When you reach the line that contains "Vente Appartement 5 pièces 80 m2 Illzach", begin copying exactly, and continue through the last line of the data; no pictures belong in the copy.
# # #
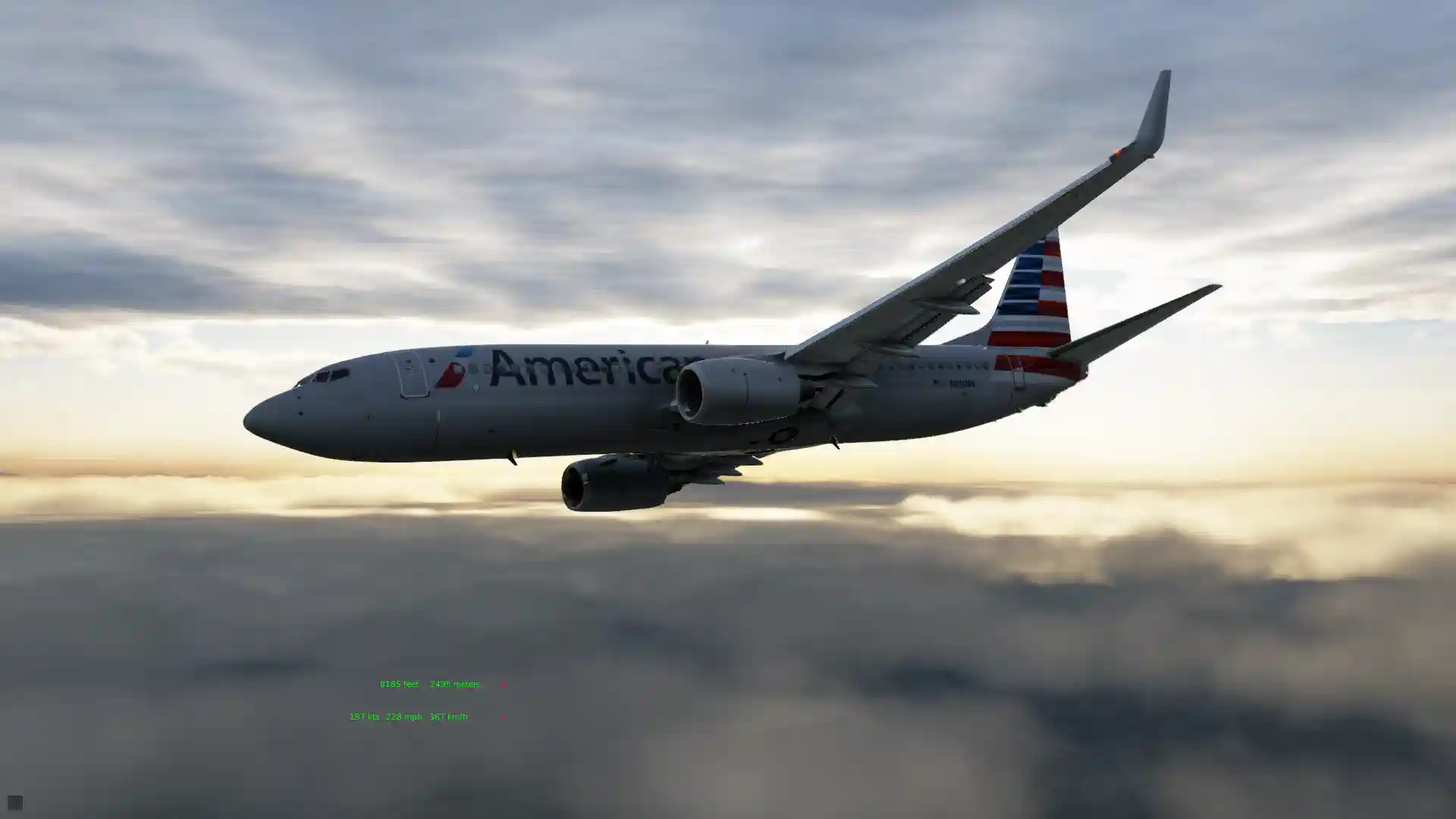 Flight Image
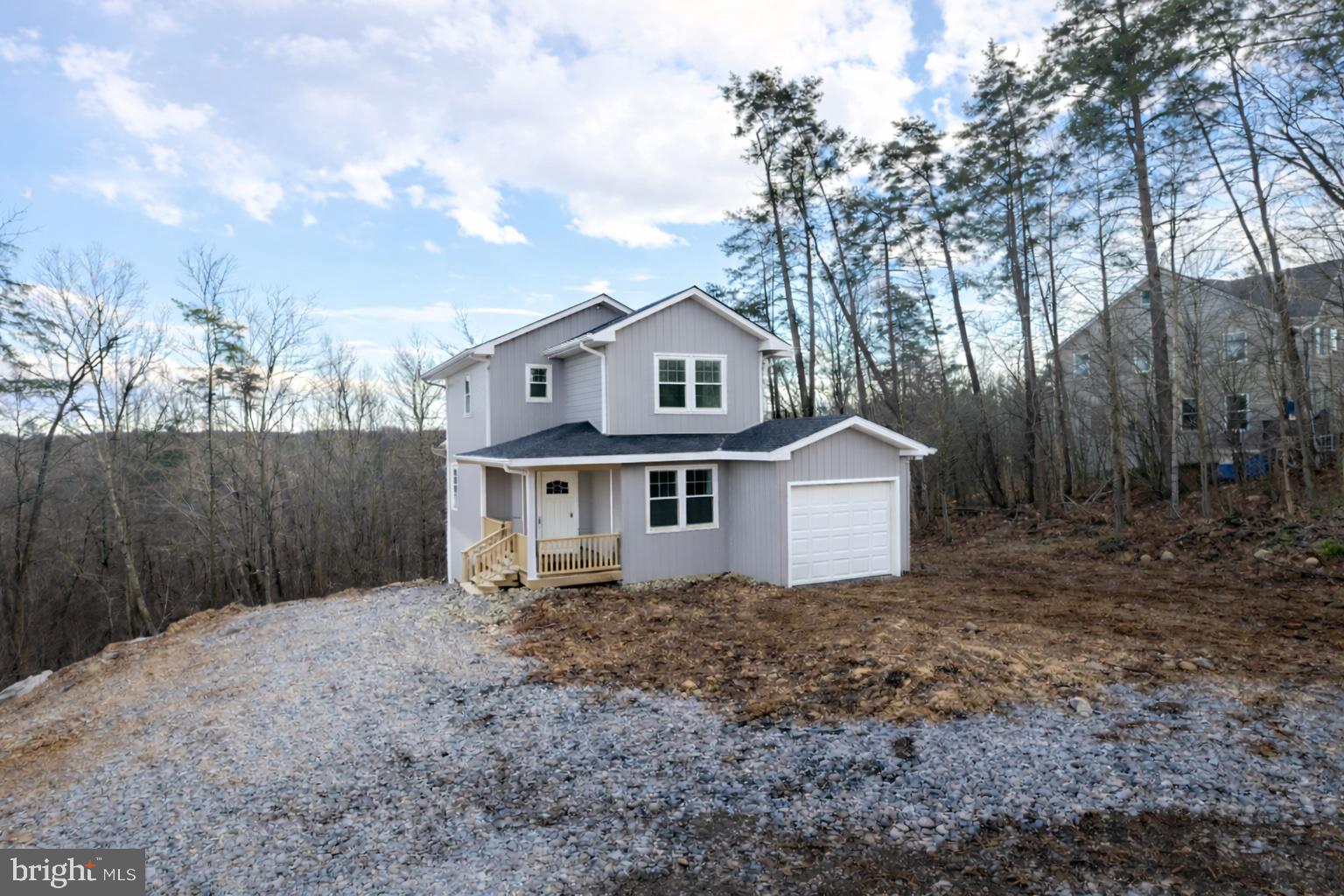 LAKE HOLIDAY ESTATES - Residential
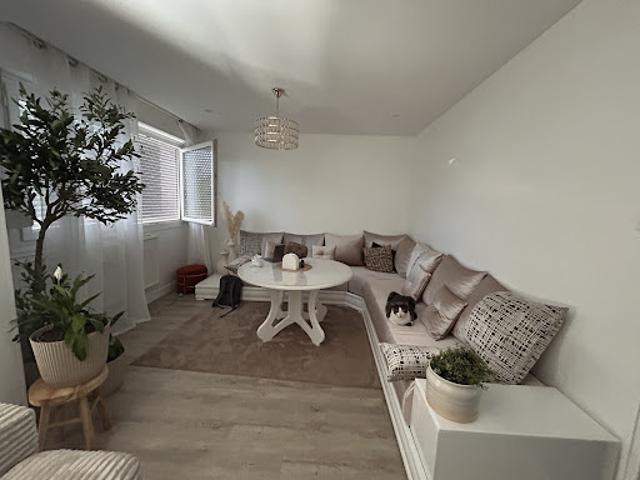Vente Appartement 5 pièces 80 m2 Illzach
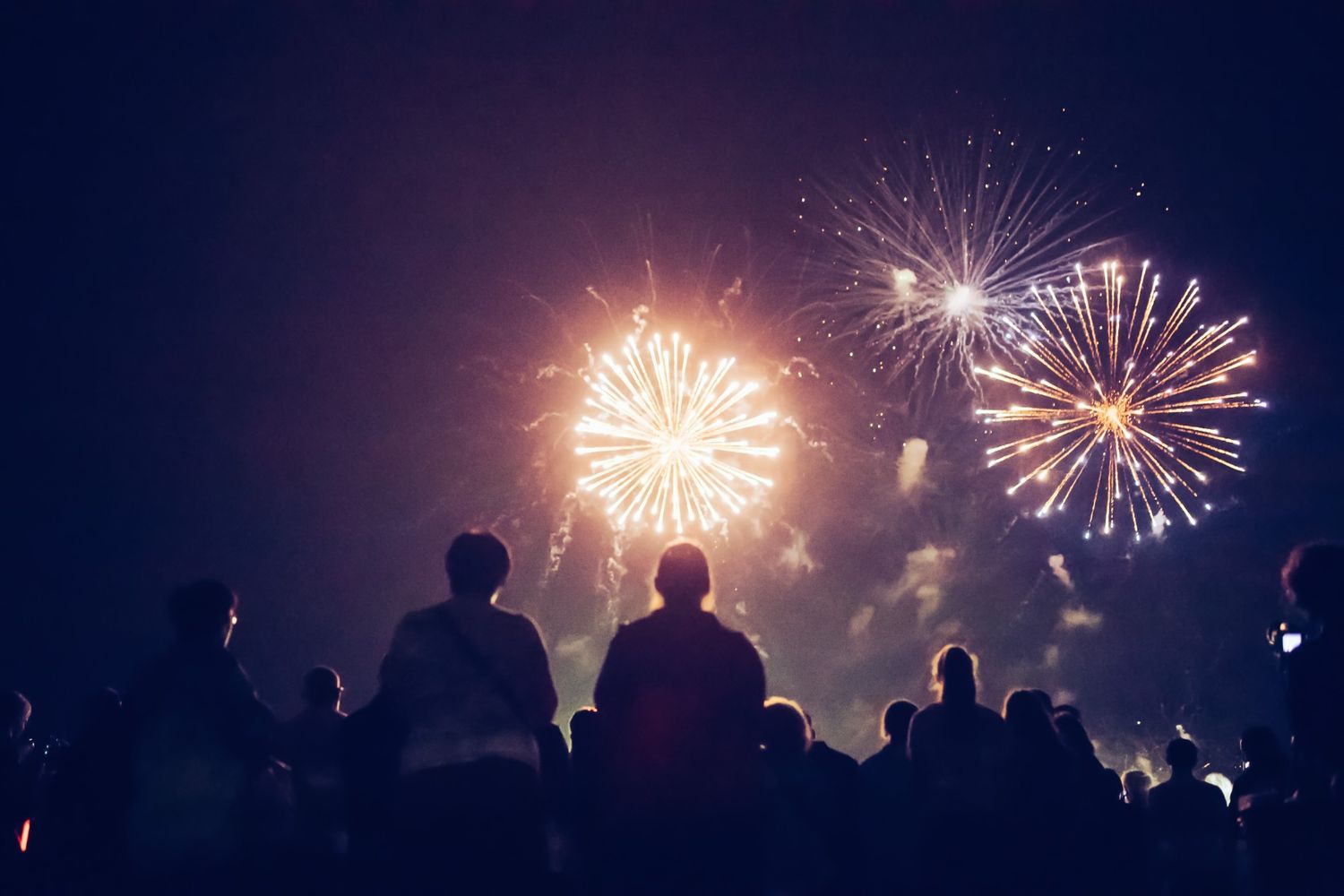 Keeping your Horse Safe in Fireworks Season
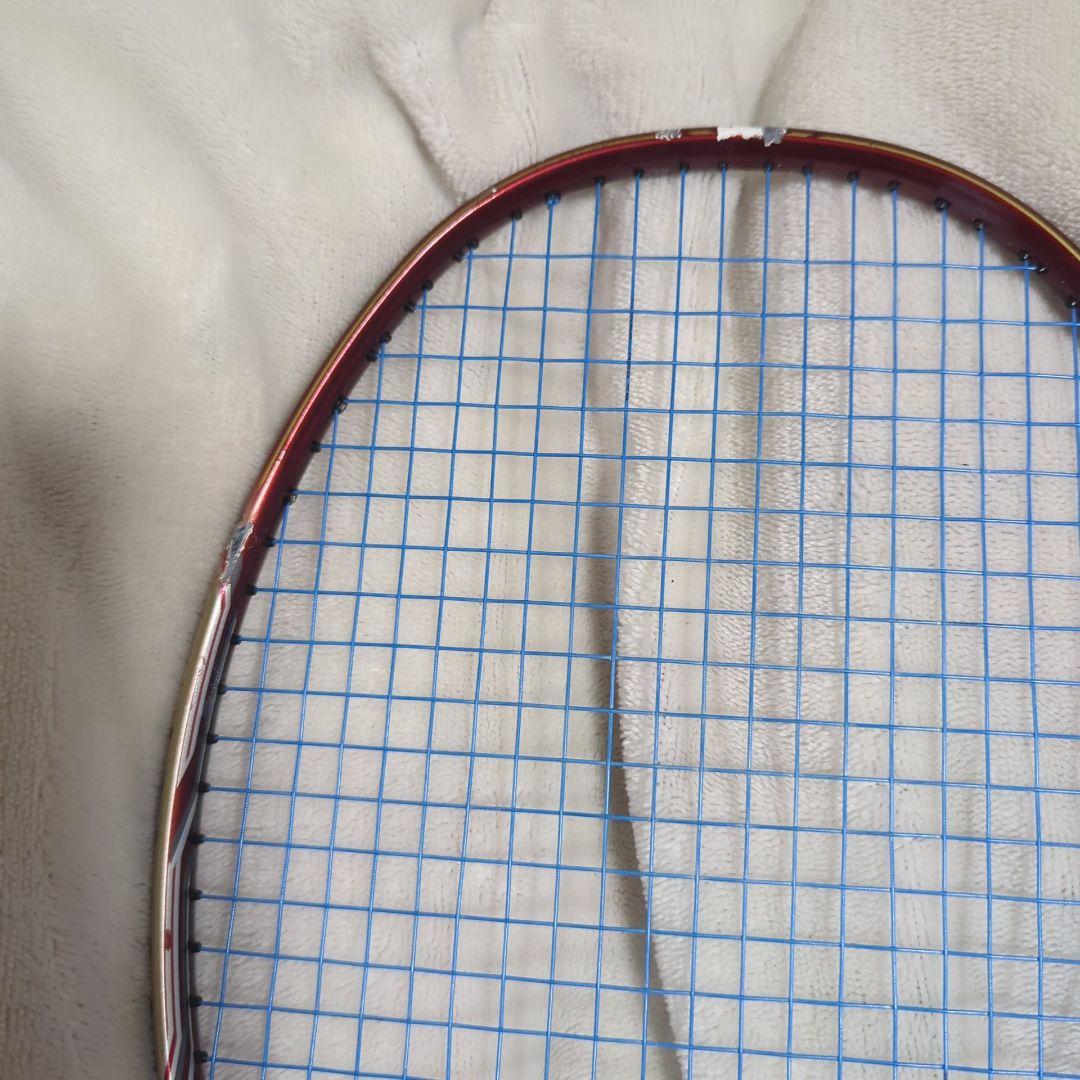 YONEX ヨネックス　ナノレイ700RP バドミントンラケット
# # #
- SOLUTION TO THIS TASK:
Vente Appartement 5 pièces 80 m2 Illzach
 Keeping your Horse Safe in Fireworks Season
 YONEX ヨネックス　ナノレイ700RP バドミントンラケット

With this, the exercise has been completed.